Explore Famous Instruments And Get Your Rock and Roll On In NYC This Spring

If you’re looking for somewhere to take your little rock stars in 2019, plug them into New York City’s Metropolitan Museum of Art this spring.  Some of the most iconic rock and roll instruments in rock and roll history will be on public display at the New York Met, starting April 8th. The Play It Loud: Instruments of Rock and Roll exhibition will explore one of the most influential styles of music of the 20th century, through the instruments that made it possible.

Highlights of the exhibition include Motown legend James Jamerson’s upright bass, Keith Emerson’s customized keyboards and Keith Moon’s drums, but the stars of the show are likely to be the electric guitars, many of which have never been on public display, apart from when they were being played on stage.

Let’s turn the spotlight on some six-string celebrities, the most famous guitars of the stars:

CHUCK BERRY’S GIBSON ES-350T

Back in 1958, Berry picked up the slimline Gibson ES-350T, an electric guitar powerful enough for a player who absolutely played it loud, but light enough for his energetic on-stage antics. Berry certainly played this Gibson, with its narrow frame and rosewood fingerboard, like he was ringing a bell, a clarion call for teenagers from all backgrounds to wake up and rock out.

Berry used this guitar to record Johnny B. Goode, then played it live hundreds of times. The song, written by Berry, tells the tale of a simple country boy who lives in poverty, has no education, but has a natural talent to play the guitar, learned by sitting at the side of the railroad track and copying the rhythm of the passing trains.

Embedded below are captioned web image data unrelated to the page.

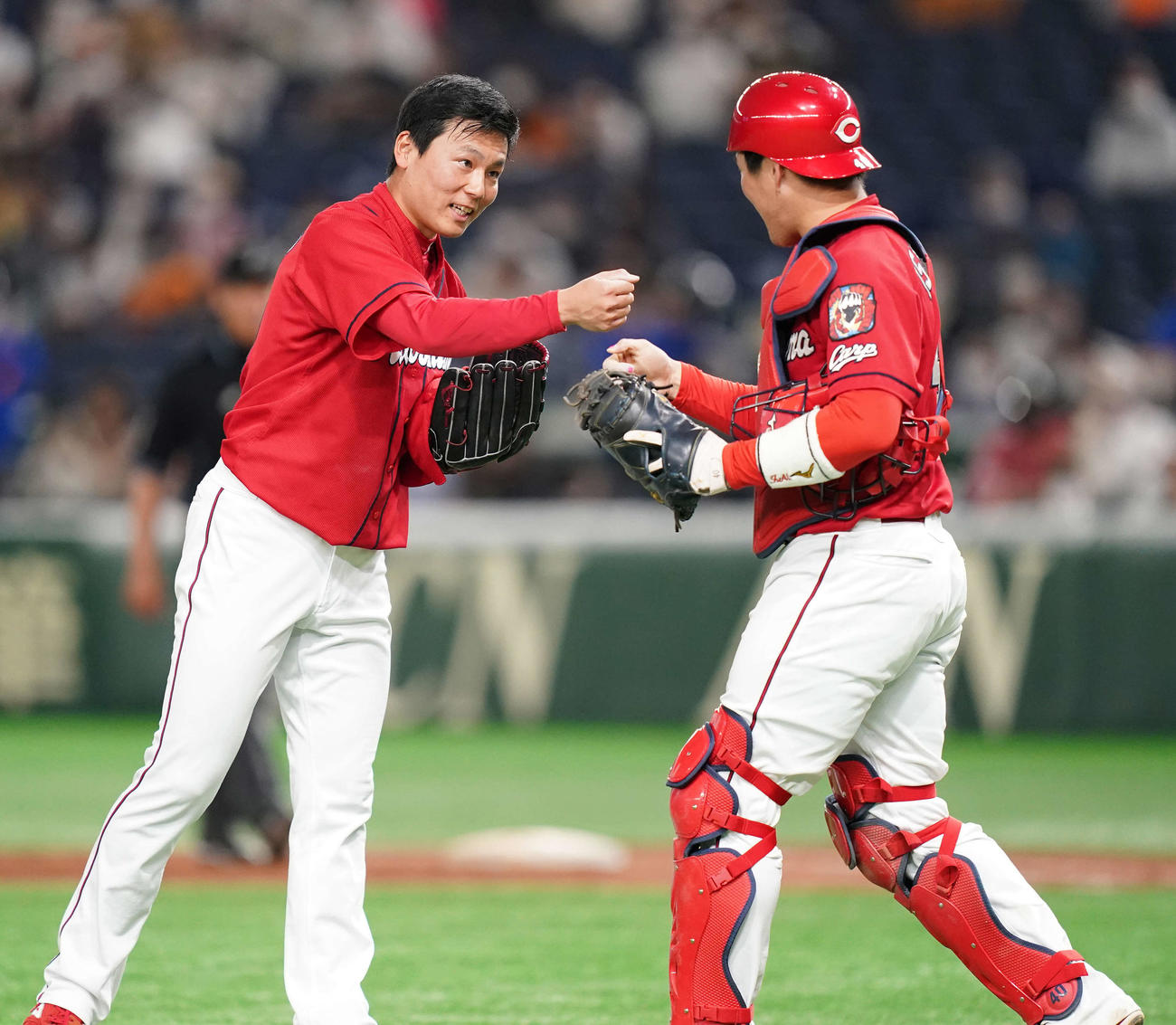 巨人対広島　巨人に勝利しタッチを交わす広島栗林（左）と会沢（撮影・鈴木みどり）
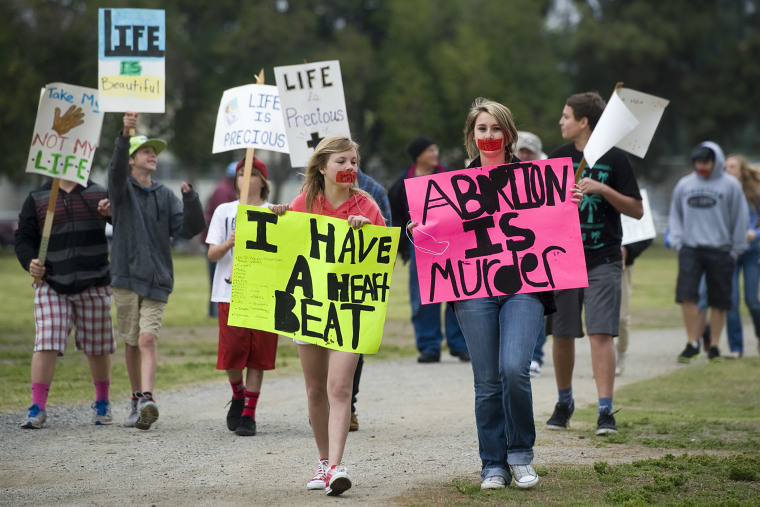 Pro-life protesters attend an annual Walk for Life, held by the Porterville Pregnancy Center Saturday, April 5, 2014 in Porterville, Calif. (Photo by Chieko Hara/The Porterville Recorder/AP)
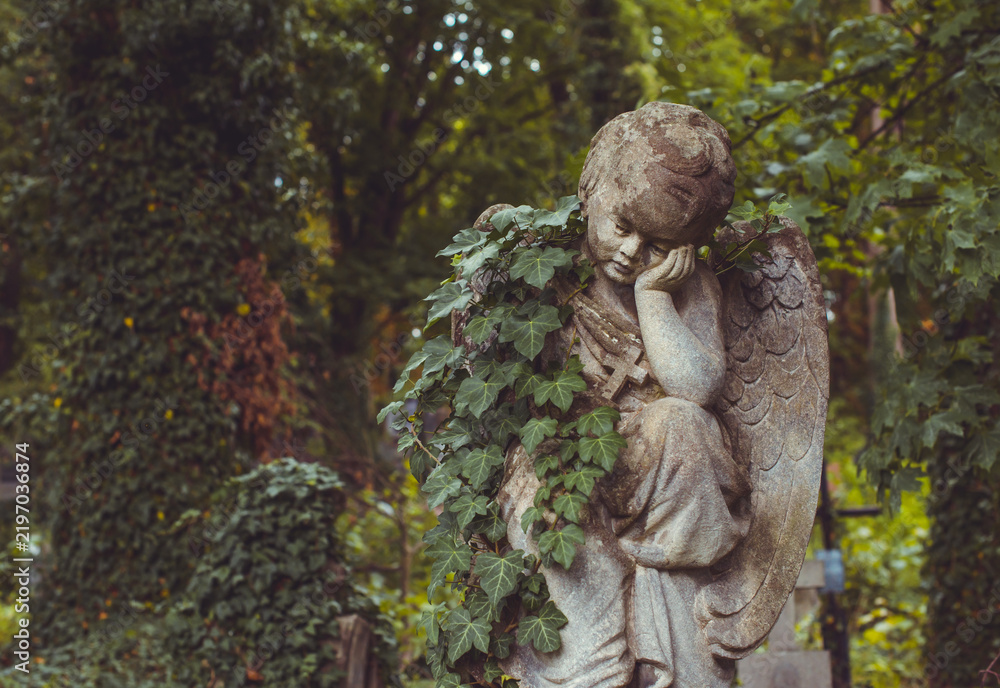 Fototapeta premium Ancient European cemetery with stone angels and historic tombstones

The song’s message was simple and seductive: dream big, kids.

It told the teens of the late fifties that, if they wanted to see their name in lights, it could happen for them, if they could simply pick up a guitar and play.

Of course, while Berry took the credit for the song, we all know who really played it first: Marty McFly, back in 1955.  Fun fact: The guitar Marty uses in Back to the Future is actually not the 350, it’s the semi-hollow Gibson ES-345, which wouldn’t be released until 1958, the year of Berry’s Johnny B. Goode.

ERIC CLAPTON’S BLACKIE

Eric Clapton likes to give his guitars names, possibly because he feels that he has a relationship with them. Influenced by the likes of Buddy Holly and Jimi Hendrix, Clapton abandoned his beloved Gibsons, named Beano and The Fool, and in 1970 picked up his first Fender Stratocaster.

He first played Blackie—the Strat you’ll find in The Met—in 1973, and it was actually built from the best bits of three other guitars. He named it Blackie for its black finish, and came to think of the guitar as a part of himself, like an extra limb. Clapton played Blackie in the studio and on stage, for many years, such as when he appeared with The Band in Martin Scorsese’s film The Last Waltz.

He also used it to record many Clapton classics, like I Shot The Sheriff, Wonderful Tonight, and on several live recordings of Layla. In 2004, Blackie was bought for the then record-breaking sum of $959,500, with proceeds going to Crossroads Centre, the addiction rehab center set up by Clapton on the Caribbean island of Antigua. The music legend credits the island for his own recovery from addiction.

EDDIE VAN HALEN’S FRANKENSTRAT

Like Clapton before him, Van Halen wasn’t satisfied with commercially available guitars, so made up a guitar of his own from parts of others. In his case, he wanted the cool look of a Strat, with the classic sound and whammy bar of a Gibson.

He then painted the guitar using strips of tape as masks, to create the trademark fractured stripe effect. Van Halen called his Gibson-Fender construct ‘Frankenstein’ and, given his trademark technique of making his guitar strings talk, he could certainly claim “it’s alive!”

Of course, the one you can buy commercially today is better known as The Frankenstrat.

ST. VINCENT’S MUSIC MAN

In case you thought playing electric guitar was just a boys’ club, you’d be wrong. In 2016, Annie Clark, of St. Vincent fame, designed her own guitar, which has been applauded for better fitting the female form. But if you thought that meant the ironically named St. Vincent Music Man was an instrument only for girls, you’d be mistaken again: Jack White of The White Stripes fame played one live, in 2018.

 

 

 

DON’T FORGET: PLAY IT LOUD AT THE MET!

Be awestruck and inspired by more than 130 famous instruments like these, including other such legends as The Beatles and Elvis Presley, showing at The Metropolitan Museum of Art’s Play It Loud exhibition. For parents of budding musicians and music fans alike, the exhibition is sure to impress. Catch it in New York City between April 8th to October 1st, 2019 before it travels to the Rock & Roll Hall of Fame in Cleveland, Ohio.